Fine-Tune Downstream Tasks
yuanenming opened this issue · 2 comments
I am trying to reproduce the downstream evaluation results. (e.g. 0.68 spearman rho for the fluorescence task).
I use the command below:
tape-train-distributed transformer fluorescence \
--from_pretrained bert-base \
--batch_size 64 \
--learning_rate 0.00001 \
--warmup_steps 1000 \
--nproc_per_node 8 \
--gradient_accumulation_steps 1 \
--num_train_epochs 20 \
--patience 3 \
--save_freq improvement
then I evaluate the model using:
tape-eval transformer fluorescence results/fluorescence_transformer_21-04-12-06-55-02_240214 --metrics spearmanr
But the spearman rho is much lower (~0.3 for several trials).
(BTW, I use learning rate 1e-5 here, because the result of using 1e-4 is even worse.)
So am I got something wrong in the command above?
do you have any suggestions about the hpaparms?
THANKS A LOT !!!!
Hi, @rmrao ,
I suspect that the pre-training task is MLM pseudo task, which did not learn protein-level signal explicitly but only AA-level signal. So it is a little bit hard for the BERT model to 'fine-tune' for a downstream task. So the fine-tuning process might be unstable, sensitive to hyper-parameters.

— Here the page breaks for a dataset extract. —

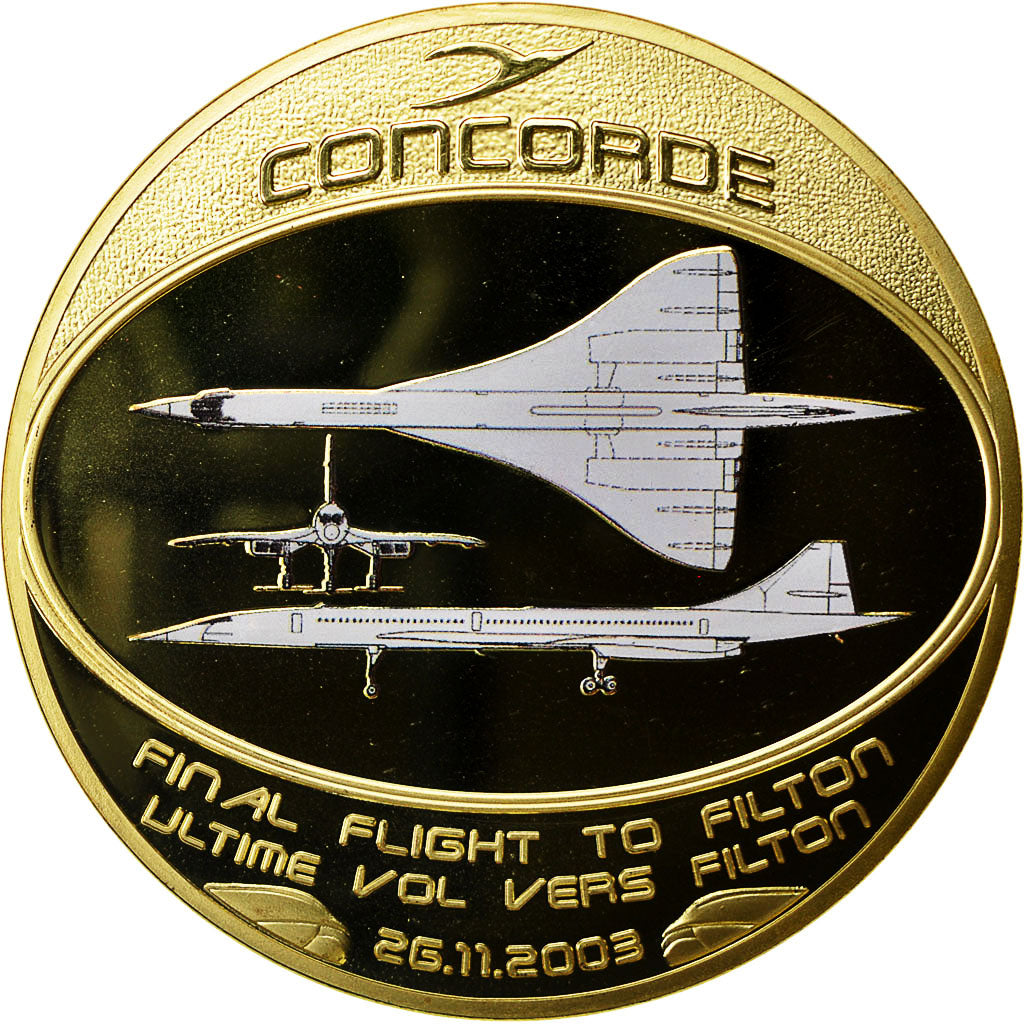 France, Medal, Adieu au Concorde, Ultime Vol vers Filton, 2003, MS(64), Copper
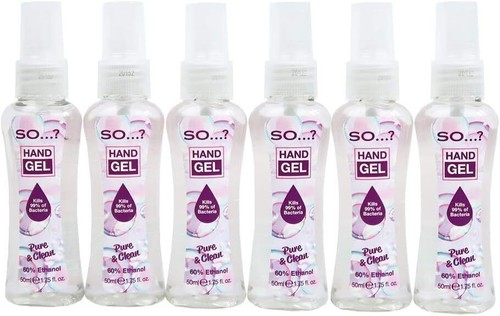 CLEANSING HAND GEL HAND GEL 50ML NEW X1 X12 X24 X48 PURE & CLEAN UK - Picture 1 of 3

But in NLP, this problem can be alleviated, because the words' information is very rich.
First, yes MLM does not use a protein level signal. Second, the hyperparameters for fluorescence are quite tricky. See here for a hyperparameter sweep on this task.
Changes I suggest - use a total batch size of 32 (large batches are worse for fluorescence). So probably don't need more than 1 GPU. Also a warmup_constant learning rate schedule and 10000 warmup steps seem best. Learning rate 1e-5 is best.